(Ottawa) Bank of Canada lieutenant governor Carolyn Rogers says addressing supply issues could help ease inflationary pressures, but such policies will not replace the need for higher interest rates.
Posted at 10:07 p.m
Mme Rogers and Bank of Canada Gov. Tiff Macklem appeared before the Senate Banking Committee Tuesday night and answered questions from senators about the bank’s monetary policy and the state of the economy.
In his opening remarks, Mr Macklem reiterated the need for higher interest rates to calm inflation but said the end of the monetary tightening cycle was nearing.
If we don’t do enough, Canadians will continue to struggle with high inflation.

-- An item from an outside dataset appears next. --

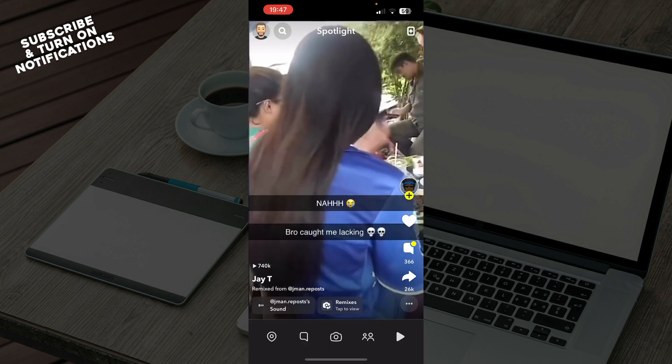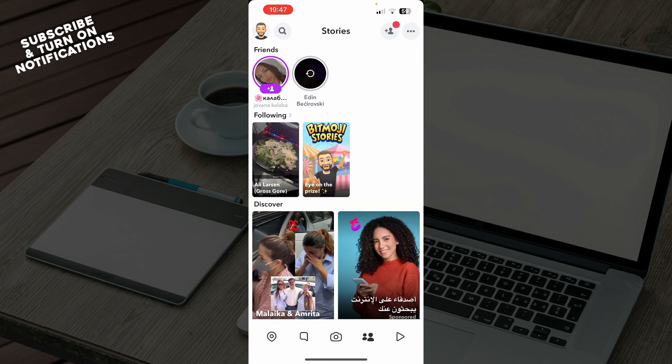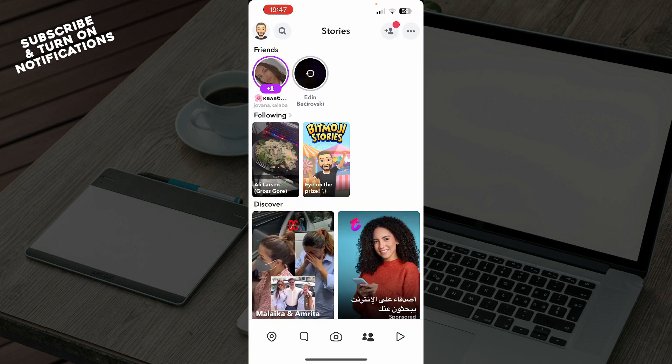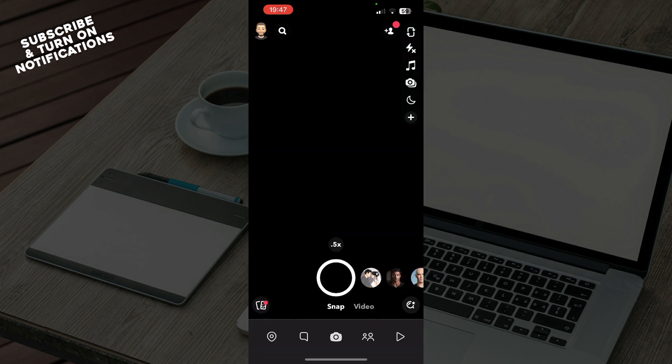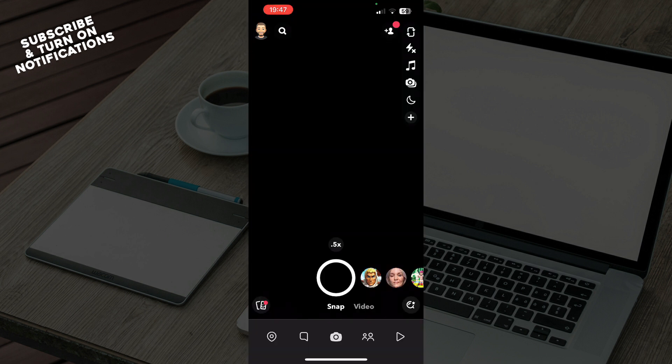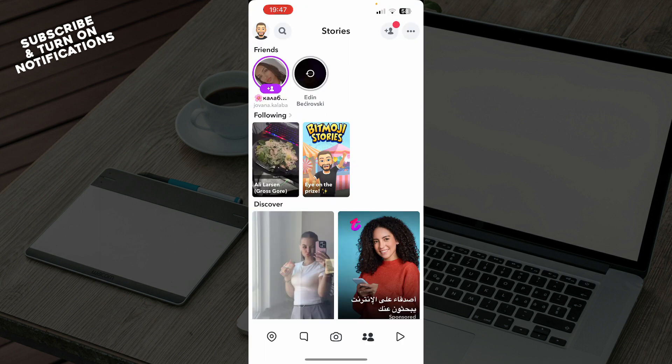As you can see, in the bottom right corner we have the spotlight where you can check out some videos. We have the stories where you can go and check out some stories that your friends posted. We have in the very middle the camera, and we have in the bottom left corner your notifications and your chats.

Tiff Macklem, Governor of the Bank of Canada
Officials were asked if the government could play a role in tackling high inflation, and Mme Rogers said policies that address supply issues would help reduce inflation.
Mme Rogers added that such a policy would complement rate hikes, not replace them.
“We have to do our job, the other decision-makers have to do their job,” she said.
Six climbs
Last week, the central bank hiked interest rates for the sixth straight session this year, raising its benchmark interest rate by half a percentage point and signaling rates are likely to rise further.
Canada’s annual inflation rate was 6.9% in September, but has been falling steadily since it peaked this year at 8.1% in June.
The Bank of Canada also released its monetary policy report last week, which suggests the Canadian economy is poised for a significant slowdown towards the end of the year and into the first half of 2023.
Bank of Canada officials are usually called to testify following the release of April and October monetary policy reports.